## Problem details
Nothing but the lines from the one with "Milwaukee Leather Men's" through the final line of the entries below should be written out, each exactly as given.

+++ Exercise data +++

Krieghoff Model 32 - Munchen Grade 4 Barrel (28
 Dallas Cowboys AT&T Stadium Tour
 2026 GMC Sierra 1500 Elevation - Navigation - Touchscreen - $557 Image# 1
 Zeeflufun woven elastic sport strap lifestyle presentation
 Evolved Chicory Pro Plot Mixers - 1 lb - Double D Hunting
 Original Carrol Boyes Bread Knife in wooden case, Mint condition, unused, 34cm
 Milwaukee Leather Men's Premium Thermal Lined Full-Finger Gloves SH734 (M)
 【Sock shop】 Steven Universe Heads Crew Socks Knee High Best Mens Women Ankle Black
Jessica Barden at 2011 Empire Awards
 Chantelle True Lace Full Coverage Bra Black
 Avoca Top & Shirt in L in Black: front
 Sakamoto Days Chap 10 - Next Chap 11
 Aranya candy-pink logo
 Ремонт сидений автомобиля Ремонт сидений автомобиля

+++

## Result
 Milwaukee Leather Men's Premium Thermal Lined Full-Finger Gloves SH734 (M)
 【Sock shop】 Steven Universe Heads Crew Socks Knee High Best Mens Women Ankle Black
Jessica Barden at 2011 Empire Awards
 Chantelle True Lace Full Coverage Bra Black
 Avoca Top & Shirt in L in Black: front
 Sakamoto Days Chap 10 - Next Chap 11
 Aranya candy-pink logo
 Ремонт сидений автомобиля Ремонт сидений автомобиля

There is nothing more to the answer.